Home MMBIZ News Will Thai Protests Impact Myanmar Tourism?

Will Thai Protests Impact Myanmar Tourism?

The anti-government protests that took place in Bangkok and other cities in Thailand last week could boost visitor numbers in Myanmar in 2013, industry observers say.
According to Southeast Asia trade newspaper TTR Weekly, countries like Myanmar and Vietnam could attract tourists who do not want to travel to Thailand due to fears around the violence.
Late last month, protestors took to the streets in the capital city of Bangkok in protest against an amnesty bill that would mean that former Prime Minister Thaksin Shinawatra can return to the country, despite being sought for corruption charges within the country.
That bill was introduced by the current government, which is headed by Thaksin’s sister Yingluck – who many believe acts as a puppet for her brother – and, while the proposal has now been rejected due to fierce opposition, protestors took to the streets calling on Yingluck to stand down.
After heated protests, at the time of publication quiet had largely been restored to the capital, in part due to the King’s Birthday celebrations which took place on December 5.
“Travel industry leaders have voiced deep concern over the current political unrest, pointing out that if it continues another week, the trade should brace for cancellations and a loss of confidence in Thailand,” said TTR Weekly.
However, travel observers within Myanmar remain skeptical as to what impact the protests could have on the country’s tourism market.
“Myanmar is too much of a niche destination at this stage to appeal to the throngs that head to Thailand – frankly, many of the beach-and-beer crowd won’t even know where Myanmar is,” said Marcus Allender, founder of travel website Go-Myanmar.com. He added that the most recent protests to hit Thailand in 2010 led to an upsurge in tourist bookings in Bali, Indonesia.
While skeptical about the short-term impact Thailand’s situation can have, Allender did say that Myanmar may benefit from long-term instability in the neighbouring country.
“The whole issue between the rural poor and urban elite in Thailand has rumbled on for years. If the problems continue for a long time, or there was another coup, then over the years you could potentially see Myanmar benefitting,” he added.
Thet Zin, founder of Living Irrawaddy Travel Service, also expressed reservations on the long-term impact of the Thailand situation on Myanmar’s tourism, adding that it could have a negative impact on tourists to Myanmar getting visas.

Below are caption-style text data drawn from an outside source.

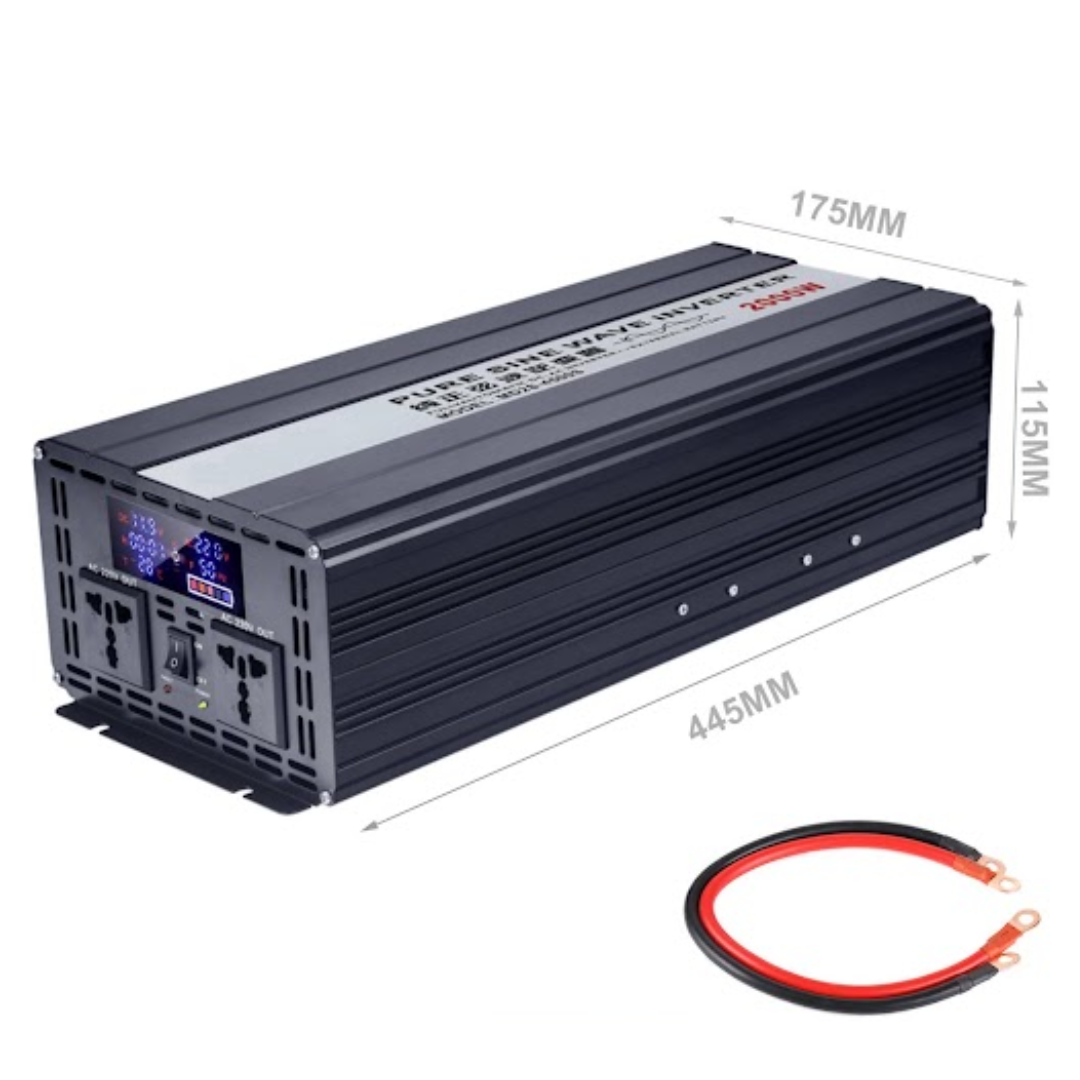 INVERSOR DE ONDA PURA ZXB-24V-2000W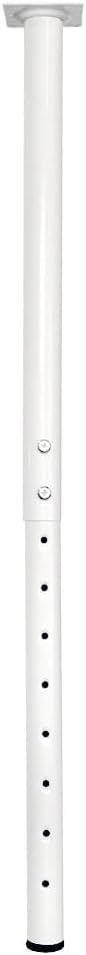 QLLY Adjustable Metal Table Leg, 24-40 inch, Home Office DIY Desk Leg,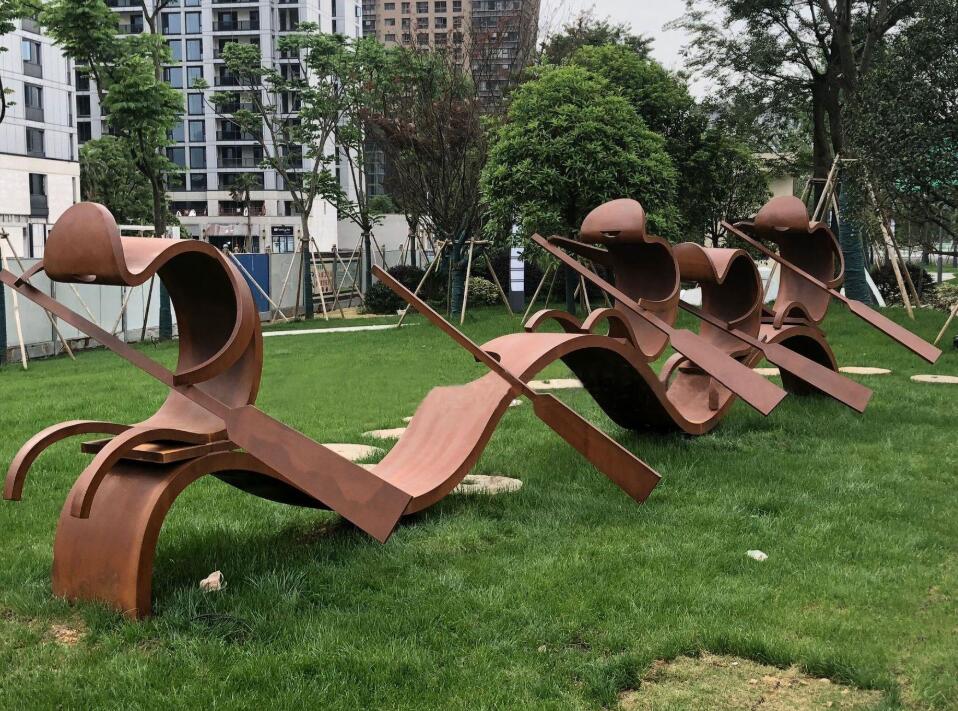 望城锈钢板造型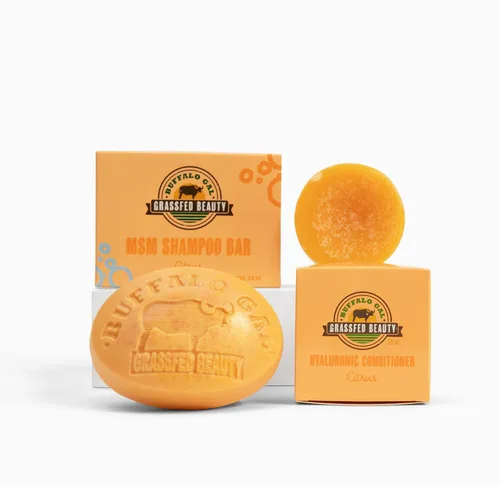 Miniatura 10 de MSM Barra de champú + barra de acondicionador de cabello hialurónico, champú y acondicionador de barra sólida para el crecimiento del cabello, sin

“Myanmar doesn’t position itself as a cheap country to visit [like Thailand], so we do not think that Thailand’s issue will have a big impact on Myanmar.  In fact, we are quite disappointed that this whole incident could actually delay the visa agreement between Thailand and Myanmar, which was supposed to begin this month,” she said, referring to an agreement touted to begin in December,whereby citizens of Thailand and Myanmar could visit their neighbouring country visa-free.